Some of the lawsuits resonate with today’s marriage litigations. There are a significant number of allegations of illegitimate children and spouses claiming inheritances. It was quite cumbersome transcribing the entire lineage of both sides of the family to determine legitimacy and also to detect inaccuracies in the claims. There are also documents in which spouses claim they never received a dowry or it was not what was agreed with the family of the bride.
As a librarian, I perceived these documents as valuable primary sources worth promoting and sharing with historians, scholars, linguists, and the public in general.
My favorite item in the collection so far would have to be the brief on behalf of Tomás Casimiro Clavero y Sesse, a cavalier of the Kingdom of Aragón, in the criminal case against Diego Rebolledo, an official of the city of Zaragoza. In the collection of criminal case briefs, and especially the brief in this case, you are able to capture a glimpse of Spanish judicial debate and deposition of witness testimony which is quite rare and fascinating. Whether comparing it with how we argue cases nowadays or trying to examine the information given and come to your own conclusion, these case briefs situate us in a history, generally untold which is thankfully becoming more visible due to the Herencia campaign.

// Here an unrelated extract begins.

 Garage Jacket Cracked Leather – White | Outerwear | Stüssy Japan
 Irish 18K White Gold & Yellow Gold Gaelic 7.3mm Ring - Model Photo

My favorite item in the Herencia collection is the brief on behalf of Francisco Rius, a merchant of the city of Barcelona, versus the Fiscal Prosecutor of the Royal Court, concerning criminal charges against the former for the death of Eleonor Planes. More broadly, I enjoy transcribing any of the Latin documents regarding criminal charges. I find these types of documents particularly fascinating because while Latin writing is well known for describing mythical adventures and incorporating poetic imagery, these documents show a different, more official side of Latin that is used to present real legal arguments and includes a set of vocabulary that I had never seen before.
A series that I especially enjoyed were all the documents going back and forth between Joseph Bonaparte, Napoleon Bonaparte, and Ferdinand VII. The Order of April 8, 1808, welcoming Napoleon Bonaparte was particularly interesting. It brought in many political stages that normally people would not think about linking closely, such as the Spanish Empire, Simon Bolivar, and Napoleon Bonaparte.
I chose an article from the Laws and Statues: Crime & Law Enforcement project: Royal Order of February 17, 1746. It has to do with justice in the kingdom and more specifically, the land that would remain in possession of the archbishop. This article was one of the first ones I encountered while reviewing documents, and it reaffirms the power that the government shared with the church. In the document, we see the organization of Aragon that introduces and enforces laws, always going according to the central office of the church, la Mitra. There is strict obedience under this office as each law and ordinance must be per la Mitra. Personally, it astonishes me to think of how present the church was in government affairs. They went hand-in-hand, and when I recently visited Spain, I was able to see the way the churches were almost always near governmental buildings. I am interested in learning more about the legal systems of Spain and how the church was heavily present in lawmaking and the executions of those laws.